If that’s turned you off from buying (or receiving) a bouquet, why not consider a locally sourced potted plant that will keep on giving. Last year, my husband gave me a lemon tree, and now every time I pick a lemon, I smile as I remember how we both presented each other with the same exact Valentine’s Day card.
Chocolates that won’t make you sick
If you don’t believe in slave labor, don’t buy chocolate unless you’re certain that it’s fair-trade.
In a November item about a new brand of Hanukkah gelt, Times editorial board member Karin Klein sobered up chocoholics with this horrifying stat: “According to an article in the online Jewish magazine Tablet (and reported over the years elsewhere), 80% of the world’s cacao comes from West African operations where children are commonly used as slave labor.”
Here are five fair-trade chocolates to try. And lucky you: Hugh Jackman is launching a fair-trade chocolate brand just in time for the holiday, with 100% of the profits reportedly going to charity.
Jewelry that doesn’t violate human rights
It’s impossible to tell whether a diamond is 100% conflict-free, writes Take Part’s Amy DuFault, due in part to what Global Witness says is an “impaired traceability along the entire diamond pipeline.” So, if you want to guarantee that your Valentine’s Day jewelry wasn’t mined in a war zone, DuFault suggests going synthetic.
She argues: “Something to consider this Valentine’s Day is the purchase of a synthetic diamond that is 100 percent conflict-free and made in a laboratory. Moissanite, cubic zirconia, and pure carbon ‘diamonds’ are hard to distinguish to most people and help making the choice to support peace (and of course love) on February 14th a whole lot easier.”
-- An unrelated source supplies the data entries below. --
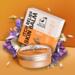 Dogslife Kløestillende creme 60ml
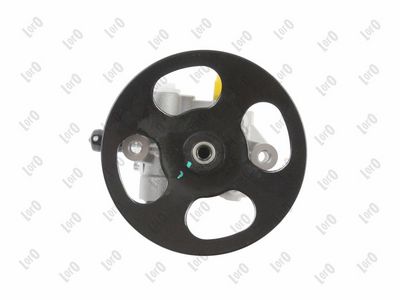 HYDRAULIKPUMPE LENKUNG ABAKUS 14001350 5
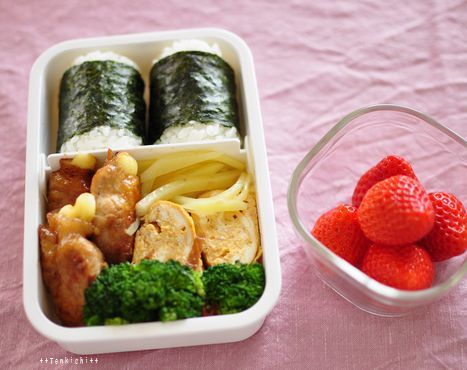 井上かなえオフィシャルブログ　「母ちゃんちの晩御飯とどたばた日記」Powered by Ameba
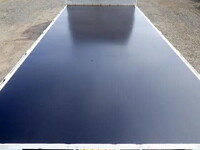 MITSUBISHI FUSO Canter Aluminum Block TPG-FEB80 2018 253,000km_7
Cards you can’t accidentally delete
“Some good and noble and wonderful things are dying out in our modern world, and real mail is one of them,” my colleague Paul Whitefield wrote Wednesday after learning that the Postal Service wants to cancel its Saturday service. “Sure, you can email,” he said. “But you can’t hold an email in your hand.”
Ditto Valentine’s Day stationery, whether you send a card through the mail or deliver it in person. It’s just better to open up a handwritten card that you can then tack up on your bulletin board and save in a keepsake box.
True, it may not be as good for the environment, but it is good for the economy -- and it’s an easy way to support the arts. And seriously, these cards are works of art.